**Exercise directions**
Write out again the lines from the line with "Cant Win Them All #Shorts #trading" up to and including the line with "中端机性能TOP10：华为荣耀各占3席，榜首跑分超40万", exactly as they stand below, and skip any picture.

**Excerpted records**
---------------
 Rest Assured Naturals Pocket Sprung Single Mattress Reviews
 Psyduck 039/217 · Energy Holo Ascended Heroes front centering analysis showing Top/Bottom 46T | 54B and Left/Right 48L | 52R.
---------------
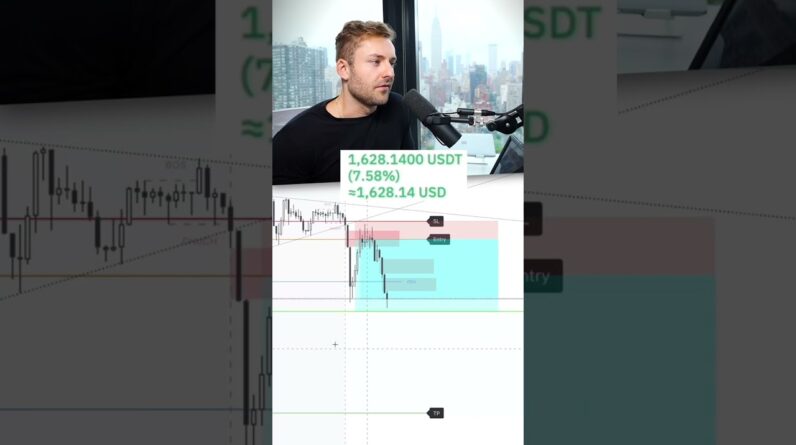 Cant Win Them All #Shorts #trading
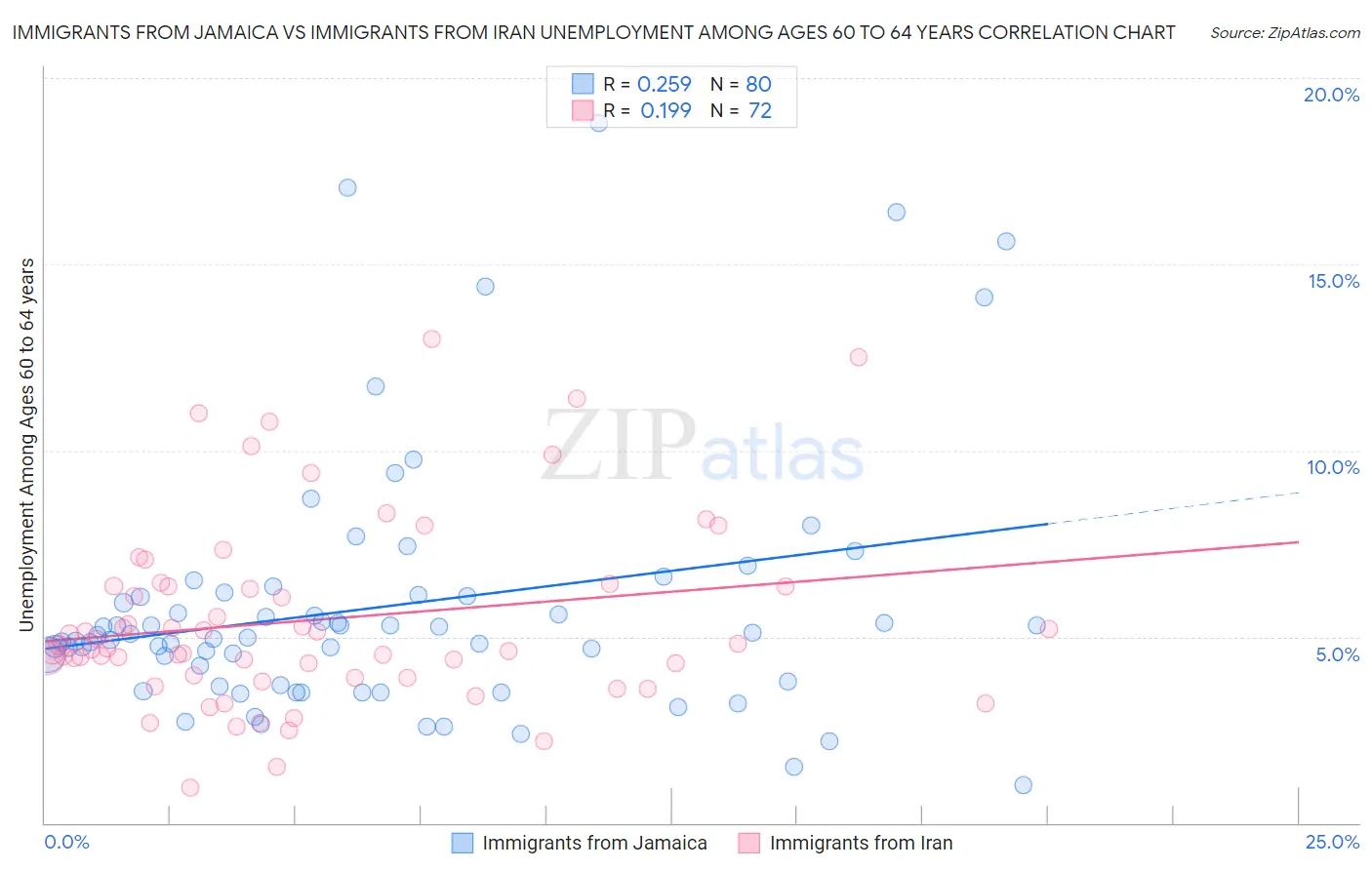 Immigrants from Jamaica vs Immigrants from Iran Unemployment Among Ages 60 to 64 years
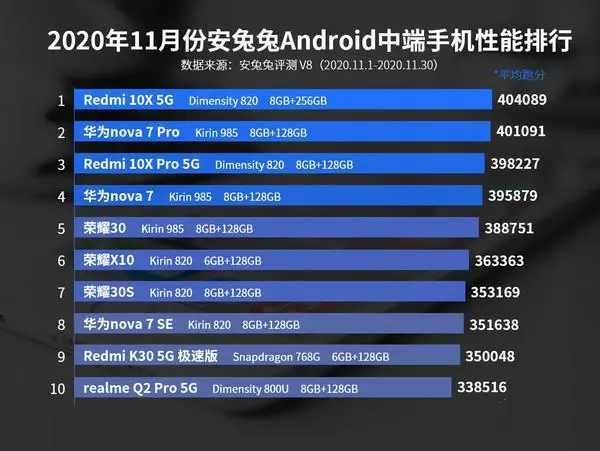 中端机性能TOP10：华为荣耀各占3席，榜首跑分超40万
---------------
**Exercise response**
 Cant Win Them All #Shorts #trading
 Immigrants from Jamaica vs Immigrants from Iran Unemployment Among Ages 60 to 64 years
 中端机性能TOP10：华为荣耀各占3席，榜首跑分超40万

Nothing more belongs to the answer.